* Task prompt
The line containing "Close-up of a" and every line after it, through the end of the records below: repeat them exactly, nothing more.

== Source information

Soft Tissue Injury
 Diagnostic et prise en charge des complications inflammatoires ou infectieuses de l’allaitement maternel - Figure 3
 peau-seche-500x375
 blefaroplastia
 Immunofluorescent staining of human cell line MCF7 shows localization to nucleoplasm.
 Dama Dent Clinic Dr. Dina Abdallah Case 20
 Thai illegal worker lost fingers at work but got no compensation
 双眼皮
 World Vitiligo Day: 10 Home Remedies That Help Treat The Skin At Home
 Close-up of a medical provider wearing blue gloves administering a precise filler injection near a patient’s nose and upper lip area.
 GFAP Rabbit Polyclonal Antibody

====

* Exercise answer
 Close-up of a medical provider wearing blue gloves administering a precise filler injection near a patient’s nose and upper lip area.
 GFAP Rabbit Polyclonal Antibody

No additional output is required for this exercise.